- _Data extracts_:
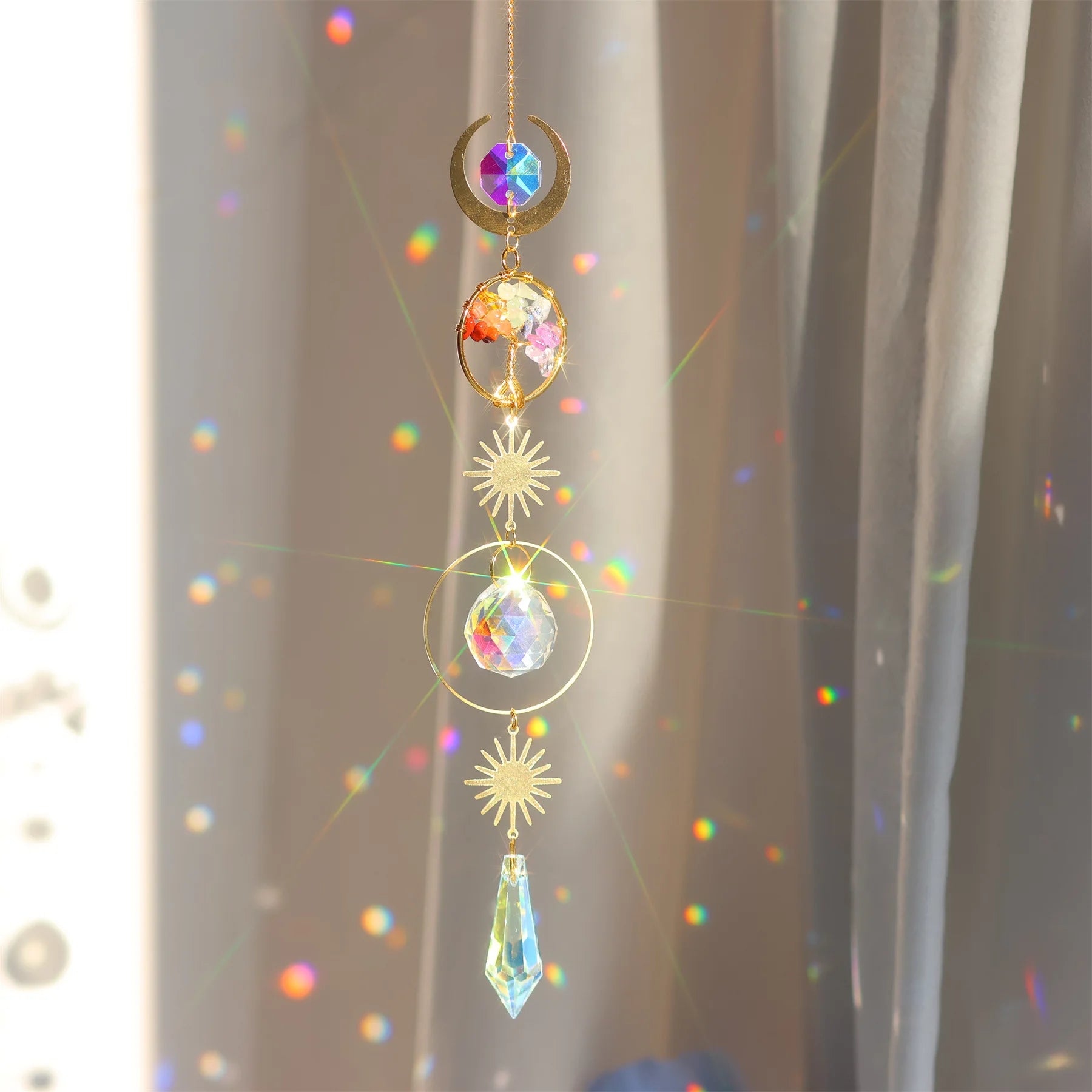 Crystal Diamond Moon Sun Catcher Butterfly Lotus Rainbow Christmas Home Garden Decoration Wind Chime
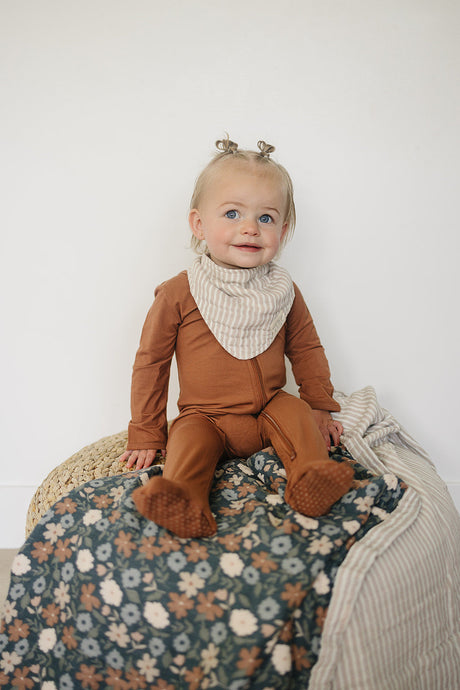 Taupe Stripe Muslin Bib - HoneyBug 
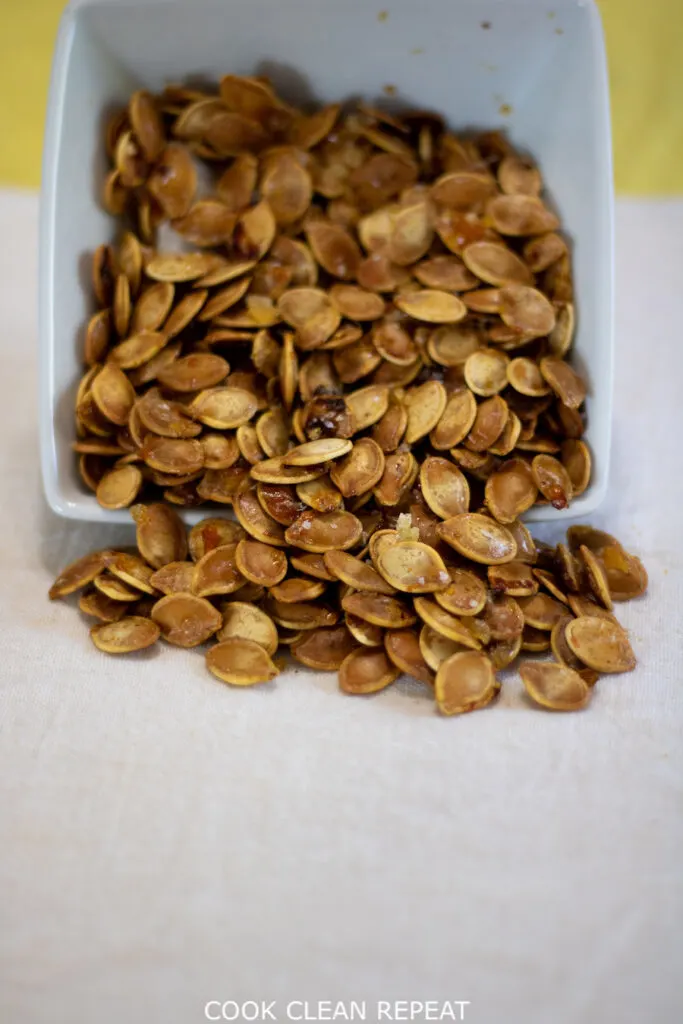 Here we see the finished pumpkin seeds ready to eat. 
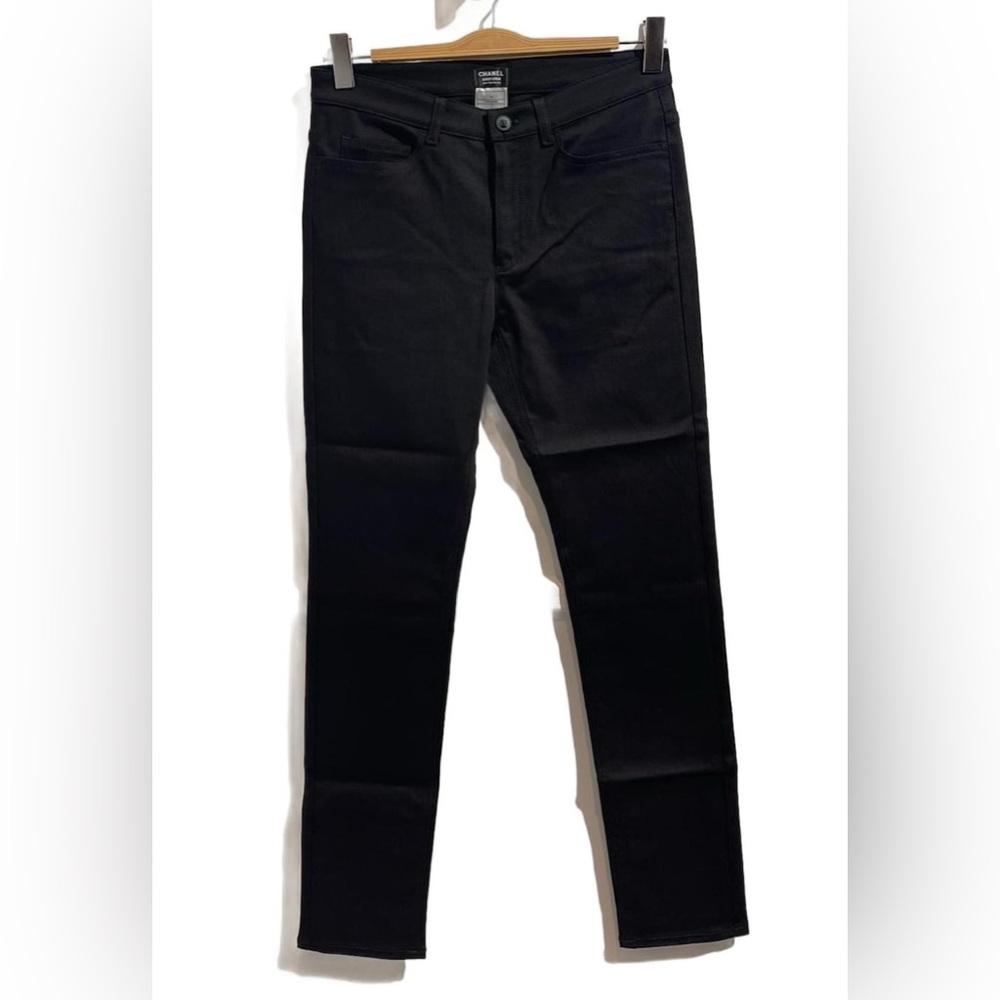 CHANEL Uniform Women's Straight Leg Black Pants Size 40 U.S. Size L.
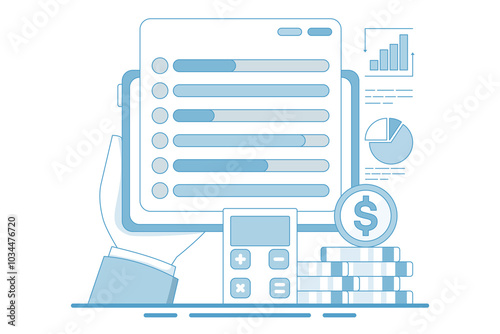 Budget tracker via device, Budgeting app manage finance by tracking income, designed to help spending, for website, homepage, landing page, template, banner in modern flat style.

==

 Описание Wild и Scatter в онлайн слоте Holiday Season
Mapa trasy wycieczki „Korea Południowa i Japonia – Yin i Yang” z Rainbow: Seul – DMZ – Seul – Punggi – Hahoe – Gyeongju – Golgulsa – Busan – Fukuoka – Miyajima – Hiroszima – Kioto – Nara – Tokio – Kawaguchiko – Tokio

...

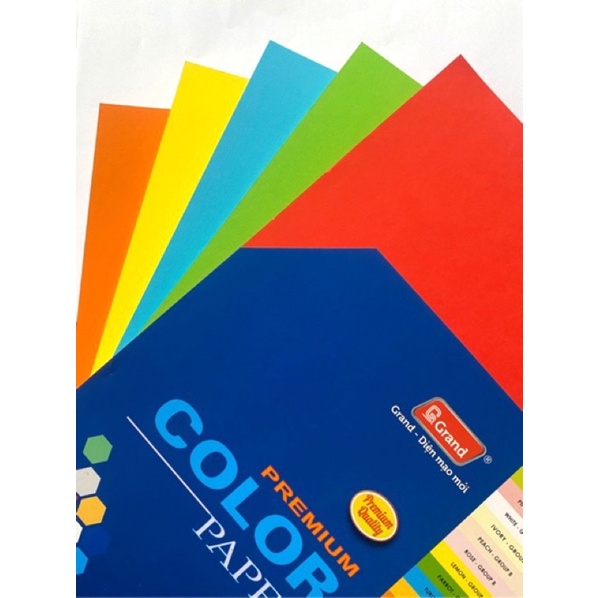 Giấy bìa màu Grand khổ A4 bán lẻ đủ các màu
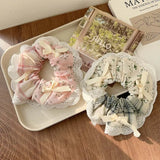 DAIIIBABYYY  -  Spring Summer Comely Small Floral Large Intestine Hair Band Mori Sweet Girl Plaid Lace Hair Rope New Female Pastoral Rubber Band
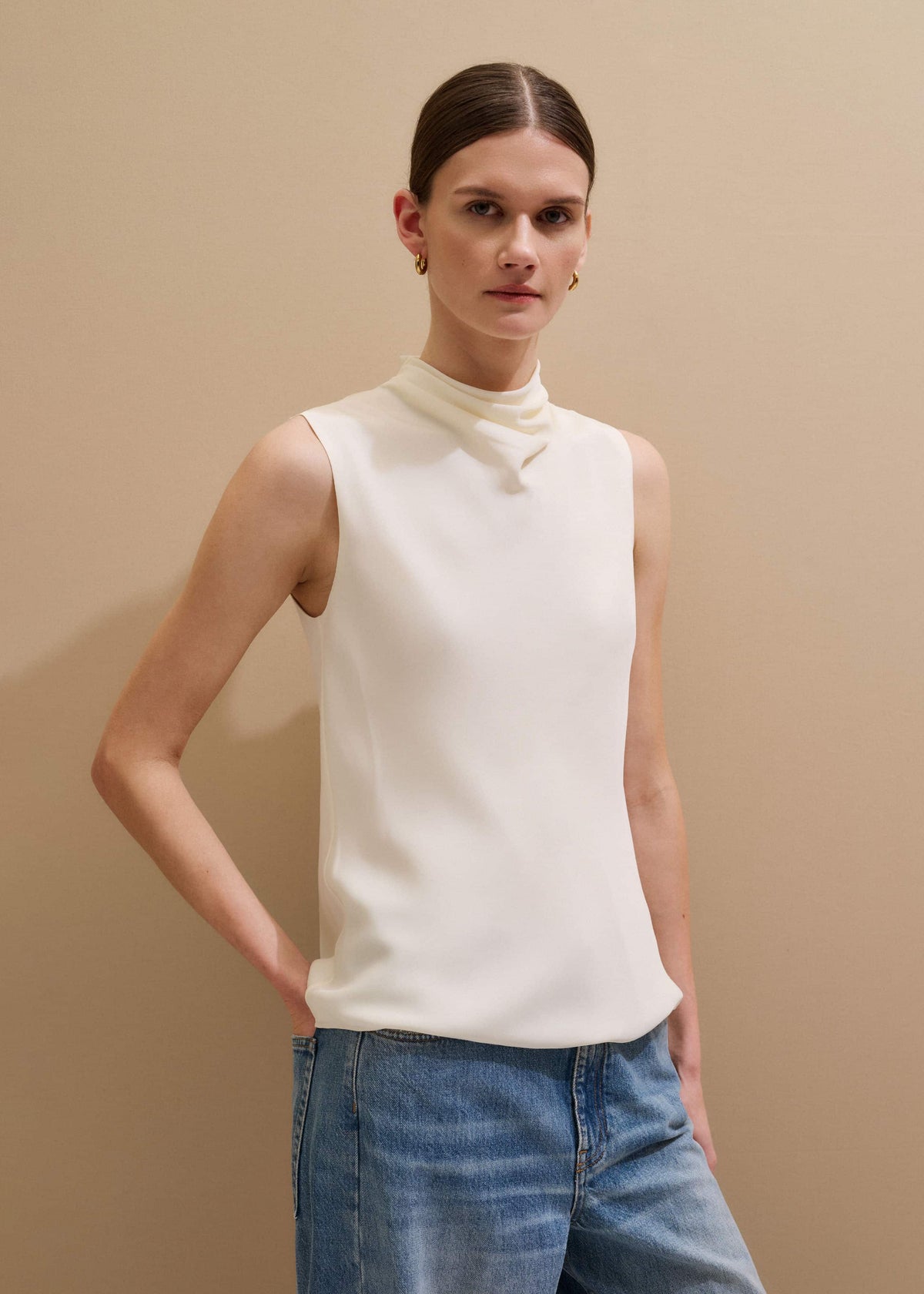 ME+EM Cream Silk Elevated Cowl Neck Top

- _Exercise directions_:
Please give back exactly the lines of this listing beginning at the line with "Описание Wild и" and ending with the line with "Mapa trasy wycieczki", both included, and nothing else.

- _Answer box_:
 Описание Wild и Scatter в онлайн слоте Holiday Season
Mapa trasy wycieczki „Korea Południowa i Japonia – Yin i Yang” z Rainbow: Seul – DMZ – Seul – Punggi – Hahoe – Gyeongju – Golgulsa – Busan – Fukuoka – Miyajima – Hiroszima – Kioto – Nara – Tokio – Kawaguchiko – Tokio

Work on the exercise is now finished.